With pictures excluded, copy word for word the lines in the data below from the line containing "Dámské viskózové kalhoty" through the line containing "Novara Plus Gas".

### RECORDS FOR PROCESSING
□ □ □ □ □ □ □

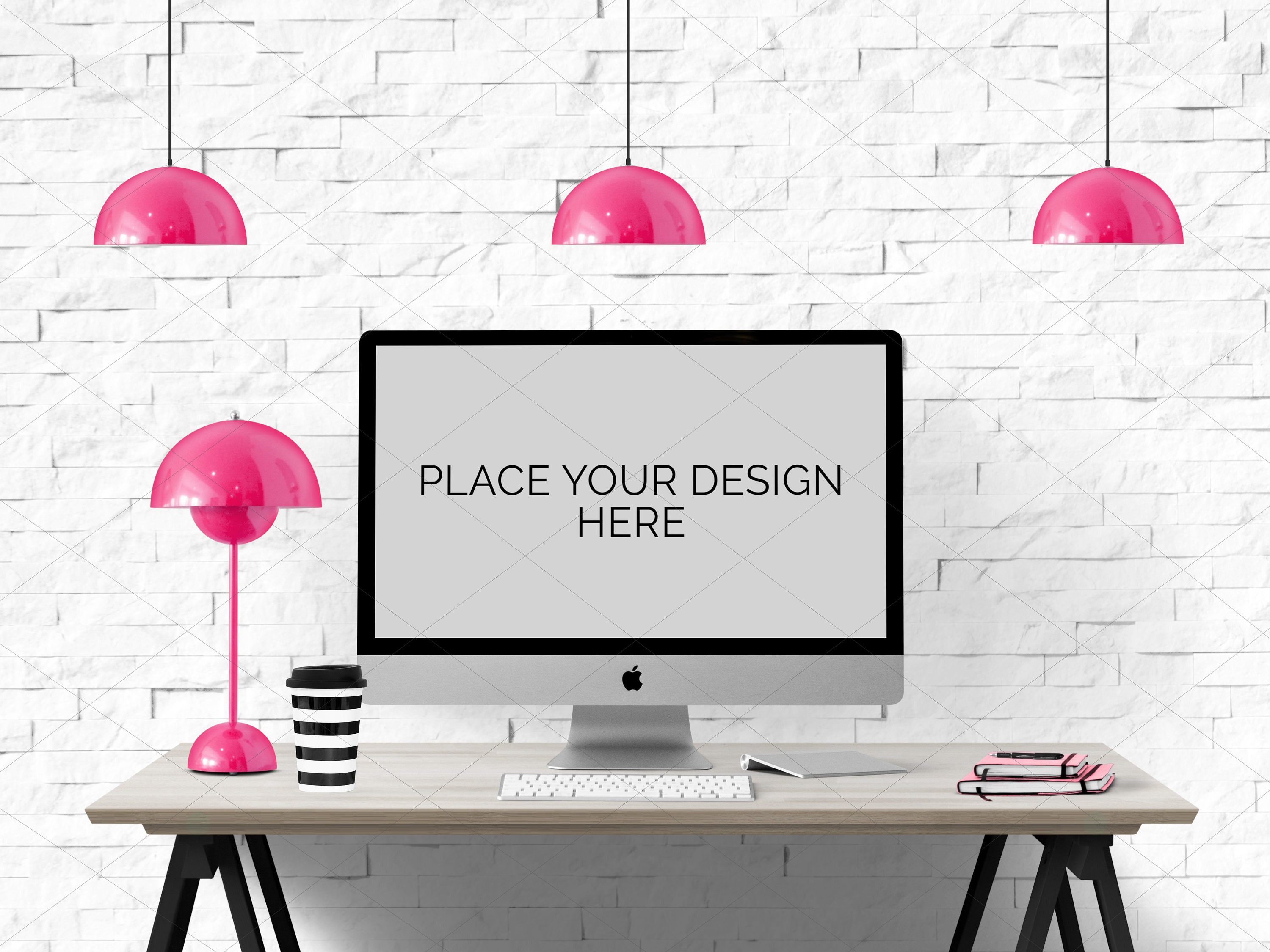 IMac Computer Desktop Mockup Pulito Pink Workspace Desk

□ □ □ □ □ □ □

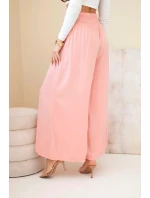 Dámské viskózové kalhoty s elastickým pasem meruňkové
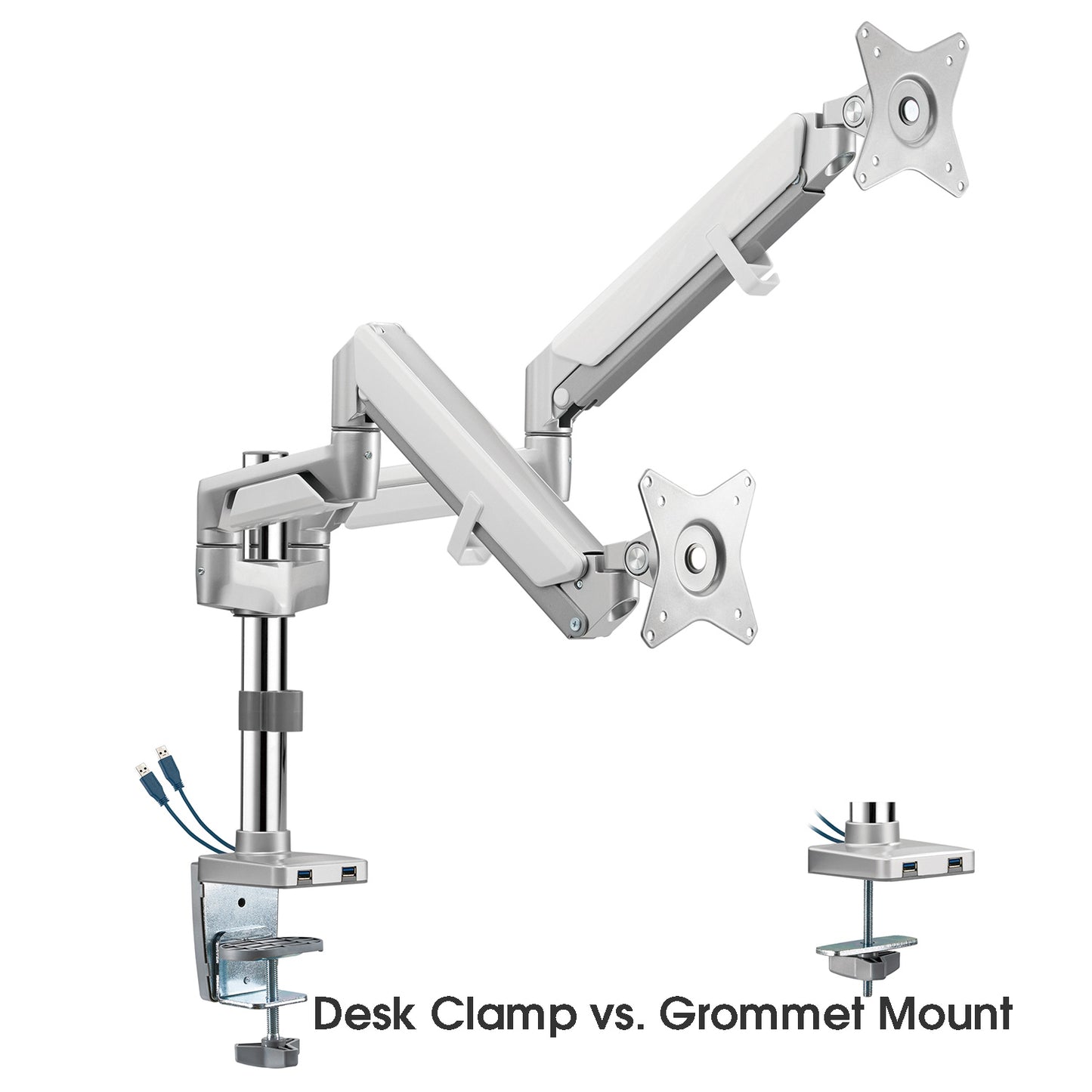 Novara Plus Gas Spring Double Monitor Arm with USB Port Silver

□ □ □ □ □ □ □

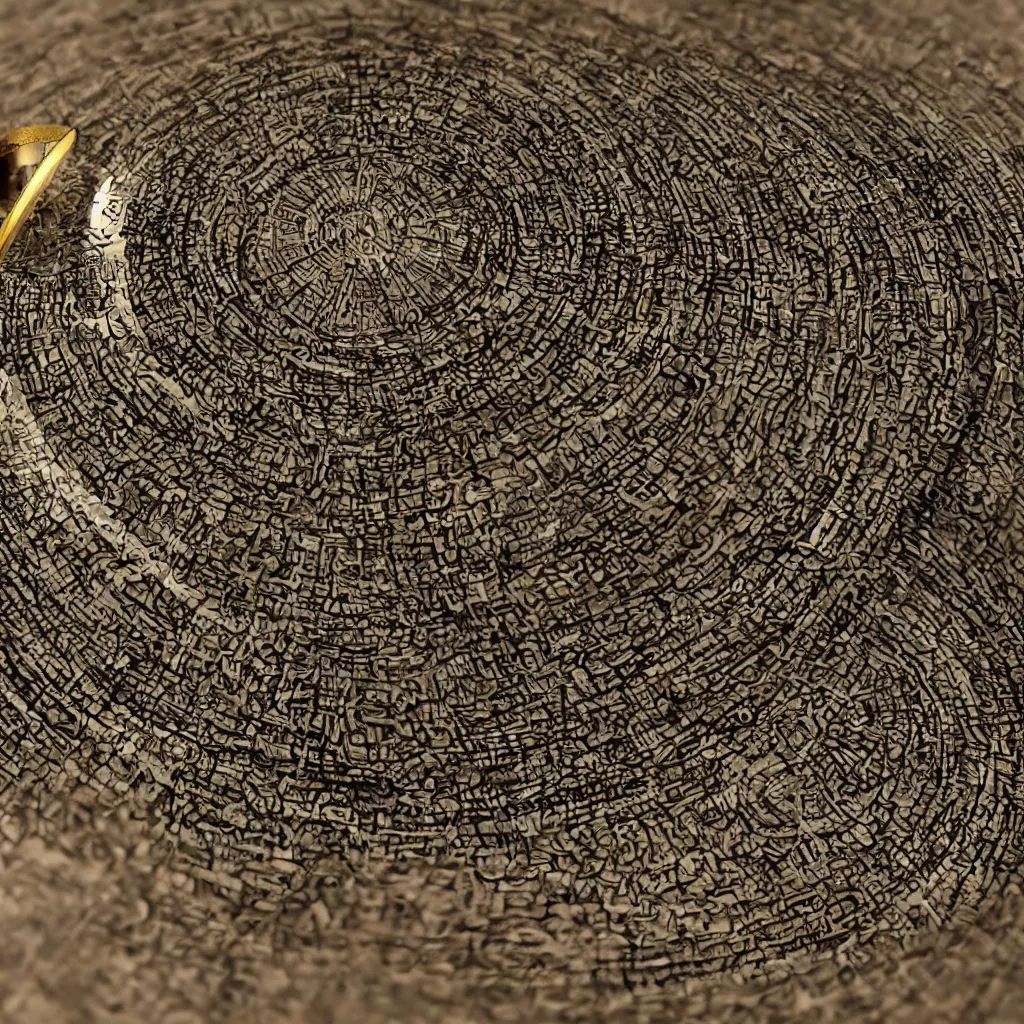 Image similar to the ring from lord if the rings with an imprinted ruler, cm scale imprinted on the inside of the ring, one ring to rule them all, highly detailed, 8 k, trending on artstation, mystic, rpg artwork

□ □ □ □ □ □ □

### OUTPUT OF THE TASK
 Dámské viskózové kalhoty s elastickým pasem meruňkové
 Novara Plus Gas Spring Double Monitor Arm with USB Port Silver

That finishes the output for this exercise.